The next famous figure with whom I am regularly mistaken is a powerful man indeed. And it so happens that my work, which I absolutely cannot discuss here, often requires my presence in the Washington, D.C. area. Subsequently, my striking resemblance to Vice President Dick Cheney makes for many amusing public moments. I must confess that my ability to get very good seating in D.C. area restaurants was a tad mysterious for awhile, as was the tendency of restaurant patrons to dive beneath their tables when I walked into the room. I’d always hoped that I could get some part-time work as a stand-in for the big guy. You know, like in that movie with Kevin Kline, “Dave.” Maybe someone in the White House will see this posting.
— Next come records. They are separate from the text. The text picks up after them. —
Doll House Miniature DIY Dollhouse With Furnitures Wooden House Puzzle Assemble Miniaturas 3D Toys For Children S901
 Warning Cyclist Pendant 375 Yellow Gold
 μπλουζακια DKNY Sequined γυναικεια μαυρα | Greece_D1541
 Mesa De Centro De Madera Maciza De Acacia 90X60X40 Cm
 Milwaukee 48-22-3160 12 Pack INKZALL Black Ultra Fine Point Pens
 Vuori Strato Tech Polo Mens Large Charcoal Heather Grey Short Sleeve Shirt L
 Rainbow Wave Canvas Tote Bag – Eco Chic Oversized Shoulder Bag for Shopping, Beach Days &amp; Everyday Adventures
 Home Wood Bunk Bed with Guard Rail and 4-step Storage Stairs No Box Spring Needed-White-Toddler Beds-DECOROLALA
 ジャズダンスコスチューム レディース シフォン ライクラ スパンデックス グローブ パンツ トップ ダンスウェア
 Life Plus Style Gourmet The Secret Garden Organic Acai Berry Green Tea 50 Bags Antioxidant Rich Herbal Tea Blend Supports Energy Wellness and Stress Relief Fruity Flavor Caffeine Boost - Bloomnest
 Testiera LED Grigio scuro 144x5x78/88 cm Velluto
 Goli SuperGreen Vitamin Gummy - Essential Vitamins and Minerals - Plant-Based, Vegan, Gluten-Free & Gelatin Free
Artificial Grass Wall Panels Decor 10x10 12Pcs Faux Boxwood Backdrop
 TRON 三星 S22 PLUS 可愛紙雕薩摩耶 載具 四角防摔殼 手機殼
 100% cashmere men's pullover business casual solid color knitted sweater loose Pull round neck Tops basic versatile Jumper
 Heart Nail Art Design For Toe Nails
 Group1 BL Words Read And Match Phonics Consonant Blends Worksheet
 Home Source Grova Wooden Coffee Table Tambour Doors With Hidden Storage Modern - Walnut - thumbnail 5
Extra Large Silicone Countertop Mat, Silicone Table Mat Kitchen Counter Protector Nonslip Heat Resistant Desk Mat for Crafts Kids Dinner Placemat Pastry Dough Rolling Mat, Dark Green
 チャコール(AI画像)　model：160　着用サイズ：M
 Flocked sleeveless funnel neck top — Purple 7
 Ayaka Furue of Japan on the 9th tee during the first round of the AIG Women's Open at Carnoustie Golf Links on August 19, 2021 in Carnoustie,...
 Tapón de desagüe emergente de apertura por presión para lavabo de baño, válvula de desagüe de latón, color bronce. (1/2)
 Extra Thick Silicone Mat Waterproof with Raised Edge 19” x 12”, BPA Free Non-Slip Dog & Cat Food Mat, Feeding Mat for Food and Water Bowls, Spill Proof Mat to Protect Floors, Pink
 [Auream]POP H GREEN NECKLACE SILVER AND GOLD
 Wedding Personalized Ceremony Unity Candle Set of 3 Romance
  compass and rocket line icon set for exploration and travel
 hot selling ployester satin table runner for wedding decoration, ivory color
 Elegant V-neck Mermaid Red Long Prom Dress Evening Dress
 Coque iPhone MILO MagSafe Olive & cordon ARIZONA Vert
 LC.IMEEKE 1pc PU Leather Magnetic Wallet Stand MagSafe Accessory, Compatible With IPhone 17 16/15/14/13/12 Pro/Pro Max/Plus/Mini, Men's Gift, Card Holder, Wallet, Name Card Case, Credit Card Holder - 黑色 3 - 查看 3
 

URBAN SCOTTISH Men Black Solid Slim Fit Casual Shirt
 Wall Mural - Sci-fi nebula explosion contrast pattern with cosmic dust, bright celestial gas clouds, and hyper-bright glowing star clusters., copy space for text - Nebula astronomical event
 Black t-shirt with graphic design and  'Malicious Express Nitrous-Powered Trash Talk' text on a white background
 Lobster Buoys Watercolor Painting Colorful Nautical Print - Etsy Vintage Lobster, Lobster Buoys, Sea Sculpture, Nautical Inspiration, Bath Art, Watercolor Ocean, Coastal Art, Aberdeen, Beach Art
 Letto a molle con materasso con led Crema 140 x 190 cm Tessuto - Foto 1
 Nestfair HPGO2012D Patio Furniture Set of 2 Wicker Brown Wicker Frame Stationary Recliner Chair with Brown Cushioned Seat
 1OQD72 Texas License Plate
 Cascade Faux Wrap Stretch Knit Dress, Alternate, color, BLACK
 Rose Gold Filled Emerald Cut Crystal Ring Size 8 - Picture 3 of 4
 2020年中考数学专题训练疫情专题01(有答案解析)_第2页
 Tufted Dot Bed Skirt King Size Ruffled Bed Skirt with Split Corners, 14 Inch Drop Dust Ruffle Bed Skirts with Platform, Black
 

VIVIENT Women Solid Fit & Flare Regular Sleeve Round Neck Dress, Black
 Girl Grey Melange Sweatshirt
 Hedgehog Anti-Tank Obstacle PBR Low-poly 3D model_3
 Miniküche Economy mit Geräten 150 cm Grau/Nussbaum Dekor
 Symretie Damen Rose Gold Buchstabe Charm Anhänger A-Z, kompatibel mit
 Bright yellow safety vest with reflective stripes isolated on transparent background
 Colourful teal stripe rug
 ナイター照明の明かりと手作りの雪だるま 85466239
Boy, would that be keen!
Probably because I have such a creamy, fair complexion and such delicate features, I am also often mistaken for one of the most famous celebrities in the entire world, who I needn’t even name, she’s so famous. This happens most often when I’m out in the evenings clubbing or chillaxing with my crew at some hot spot. Needless to say, this has caused more than a little aggravation and a few awkward moments, especially if I’m with a date. There are quite a few people walking around out there with pictures on their cell phone cameras of me with my arm around them or smooching them on the cheek, and showing their friends their brief brush with Paris. If they only knew, huh!
And me? Well, I take it all in stride, of course. No stranger to fame, I!